6. Study 2—Social Attitudes toward Grasslands and Their Management

There were 477 returned surveys (response rate of 17%). This response rate is consistent with other surveys of the public in the same region [74,75], allowing the relationship among values, beliefs about consequences, acceptability and attitude judgements, but not average opinions of the broader community. In comparison to the 2011 census data for Local Government Areas containing the grassland reserves (Brimbank, Hume, Darebin, Hobsons Bay, Melton, Moreland, Moonee Valley and Wyndham), the achieved sample was slightly more females (59% vs. 51%), slightly older (mean age category of 35–44 vs. mean 33) and had a similar proportion of respondents speaking a language other than English at home (43% vs. 44%).

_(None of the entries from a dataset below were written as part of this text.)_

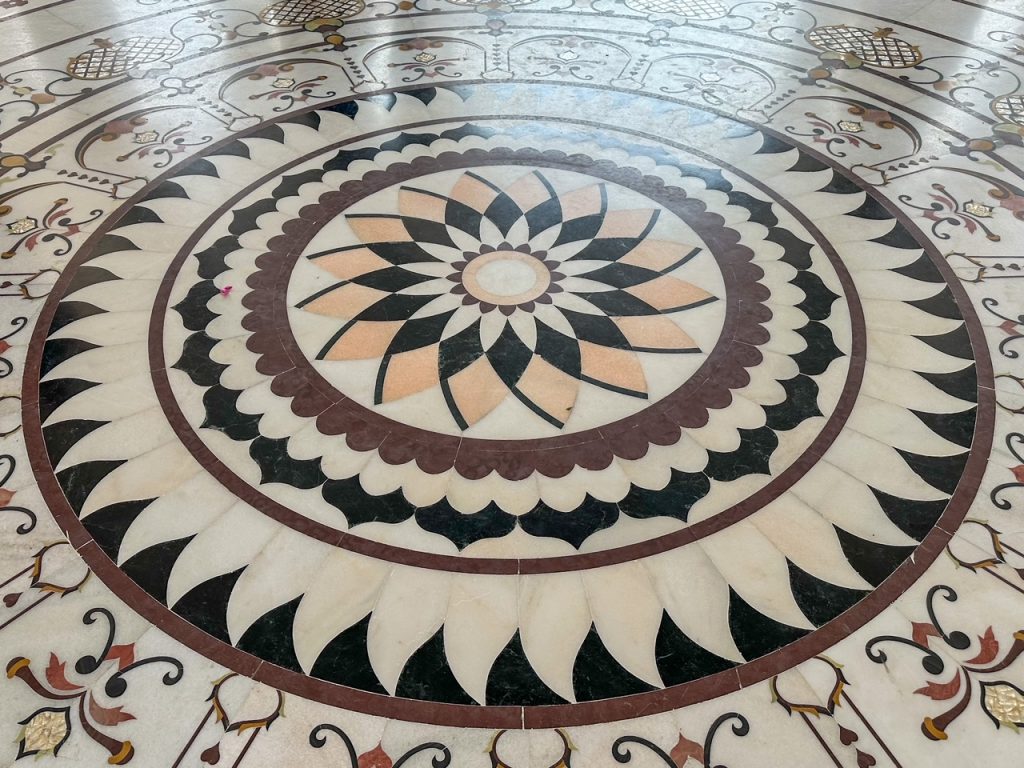 a beautiful design on the floor at Annapurna Temple
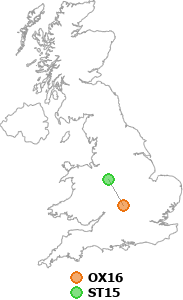 map showing distance between OX16 and ST15
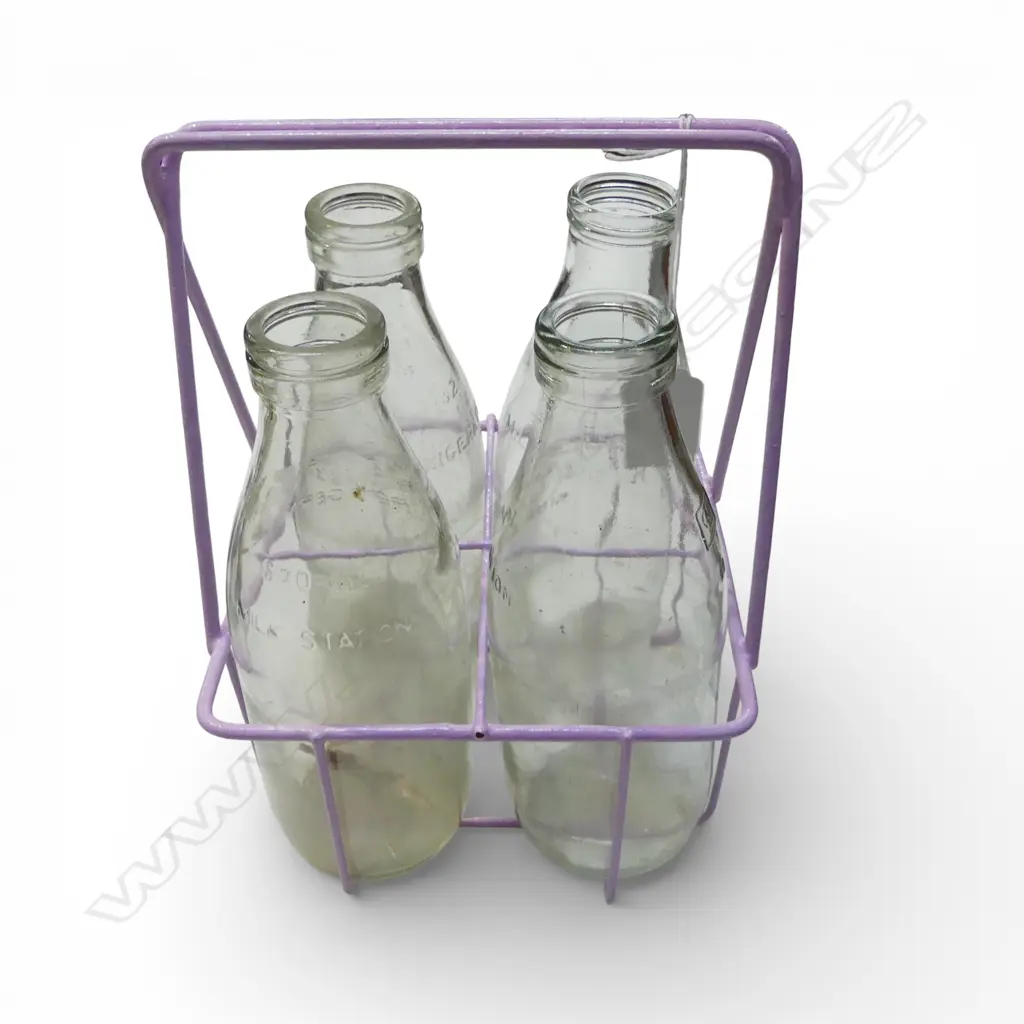 VINTAGE MILK CRATE w BOTTLES Image 1++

6.1. Factor Analysis of Valued Attributes for Natural Areas in Cities

The factors in the VALS are reasonably well understood [44]; however, the changes made to the scale by incorporating new items to measure values related to urban development were expected to alter the factor structures. EFA was therefore used and revealed this to be the case, finding six groups of values (Table 3) explaining 61.0% of variation in the data: Four factors remained the same as the original VALS: (1) natural values (e.g., threatened plants and animals, large old trees); (2) experiential values (e.g., peace and tranquillity, beauty); (3) cultural and heritage values (e.g., human history, culture); and (4) social values (e.g., visitors, accessibility). Two new factors were identified: (5) commercial use values (e.g., using the land for shops, developing the land for new housing); and (6) recreational setting values (e.g., mountain bike riding and horse riding). A reliability analysis revealed acceptable internal reliability for the factors with Cronbach’s alpha ranging from 0.88 and 0.69 (Table 3).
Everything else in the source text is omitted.